Broadband infrastructure has been widely deployed in developed countries, but broadband adoption rates are more variable because of cost and other factors. In 27 of the 30 OECD countries, including the United States, broadband has been deployed to 90 percent or more of households, regardless of differences in demographic and geographic factors, while broadband adoption rates are affected by factors such as population, cost, and computer ownership. In the United States, which ranks 15th for both deployment and adoption, broadband has been deployed to 95 percent of households, with 26.4 subscribers per 100 inhabitants—above the OECD average of 23.3. (emphasis added)
Why is this important?
The numbers tell a different story than the dire portrait painted by Obama administration officials, who have argued the U.S. is lagging other developed nations significantly when it comes to broadband deployment. But the report notes the U.S. actually stacks up well on availability even when compared to global broadband leaders like Portugal and Denmark, which have much smaller service areas to cover. America’s larger population means those rates are also harder to increase than in the smaller countries.
Indeed it does.
This should put yet another speed bump of caution in front of the FCC and its Chairman, Julius Genachowski. It should also serve as a potent reminder to the special interests, such as the Free Press and Public Knowledge, that getting Americans online is a many-faceted puzzle – one which can’t simply be solved through blunt imposition of 19th Century, Net Neutrality regulation by power-hungry regulators.
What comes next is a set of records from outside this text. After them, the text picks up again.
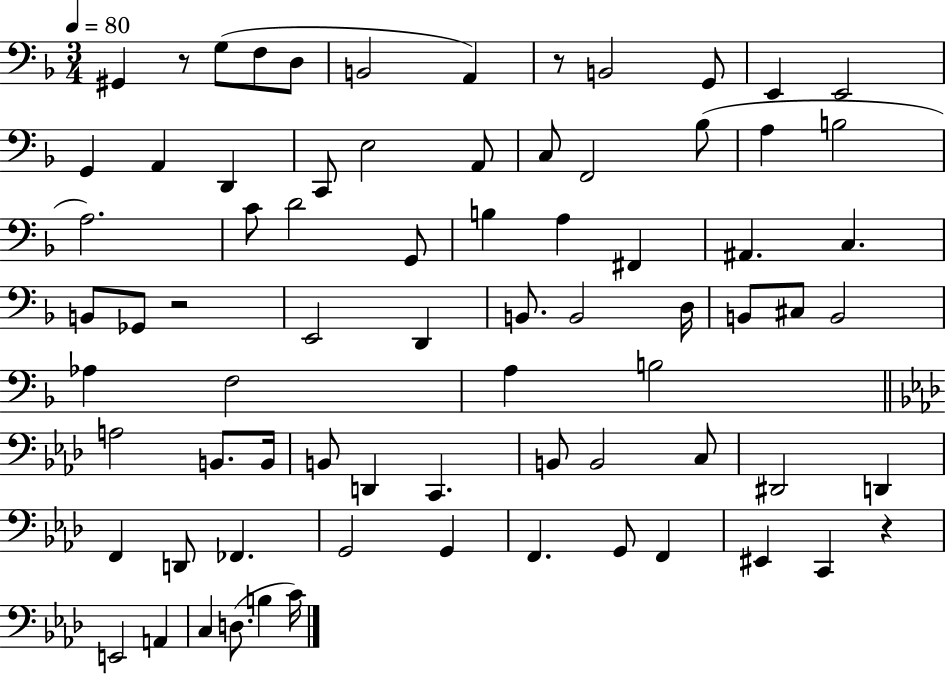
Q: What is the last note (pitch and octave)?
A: C4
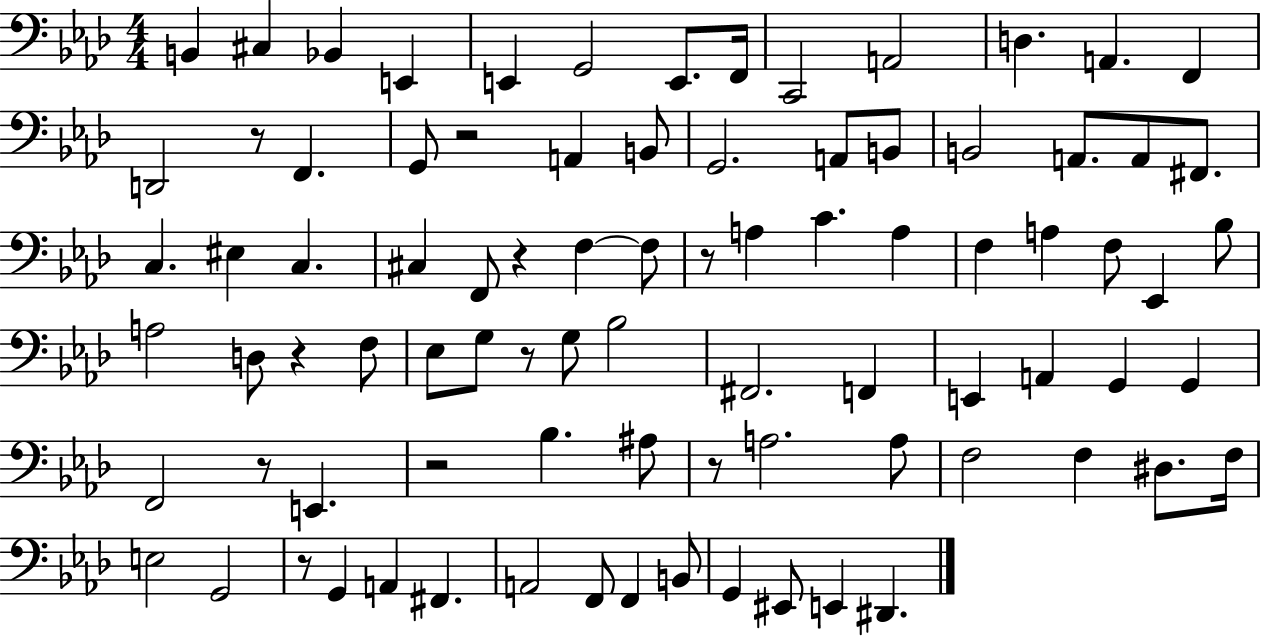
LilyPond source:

{
  \clef bass
  \numericTimeSignature
  \time 4/4
  \key aes \major
  b,4 cis4 bes,4 e,4 | e,4 g,2 e,8. f,16 | c,2 a,2 | d4. a,4. f,4 | \break d,2 r8 f,4. | g,8 r2 a,4 b,8 | g,2. a,8 b,8 | b,2 a,8. a,8 fis,8. | \break c4. eis4 c4. | cis4 f,8 r4 f4~~ f8 | r8 a4 c'4. a4 | f4 a4 f8 ees,4 bes8 | \break a2 d8 r4 f8 | ees8 g8 r8 g8 bes2 | fis,2. f,4 | e,4 a,4 g,4 g,4 | \break f,2 r8 e,4. | r2 bes4. ais8 | r8 a2. a8 | f2 f4 dis8. f16 | \break e2 g,2 | r8 g,4 a,4 fis,4. | a,2 f,8 f,4 b,8 | g,4 eis,8 e,4 dis,4. | \break \bar "|."
}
Growing the Internet is an important policy goal. Yet, this has been accomplished primarily through market forces and the advance of technology. Largely absent from this equation has been government regulation. Thankfully.
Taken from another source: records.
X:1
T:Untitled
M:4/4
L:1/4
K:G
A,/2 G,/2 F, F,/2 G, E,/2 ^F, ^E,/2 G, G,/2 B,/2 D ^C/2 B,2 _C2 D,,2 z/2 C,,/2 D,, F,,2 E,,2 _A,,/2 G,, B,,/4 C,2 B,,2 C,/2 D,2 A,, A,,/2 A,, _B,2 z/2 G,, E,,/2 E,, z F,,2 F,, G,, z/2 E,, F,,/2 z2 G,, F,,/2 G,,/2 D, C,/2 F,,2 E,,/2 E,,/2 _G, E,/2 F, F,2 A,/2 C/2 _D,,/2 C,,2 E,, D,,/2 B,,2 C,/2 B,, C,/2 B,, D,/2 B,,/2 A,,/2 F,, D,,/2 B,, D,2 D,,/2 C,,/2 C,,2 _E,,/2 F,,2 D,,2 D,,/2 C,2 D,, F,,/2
Government policy should promote what has succeeded, and then work in the margins to boost adoption rates among those who have chosen not to, or cannot, connect to the Internet. From there, policymakers should have faith that the workings the marketplace, technological innovation, consumer education, brand reputation management, industry best practices, and current enforcement tools will help to ensure that Americans have the all Internet choices they need and desire.
Net Neutrality regulations – especially Title II reclassification – would unnecessarily hamper these important dynamics. The GAO study goes a long way to affirm just how effective the marketplace has been in getting Americans online with only a minimum of direct government regulation and interference.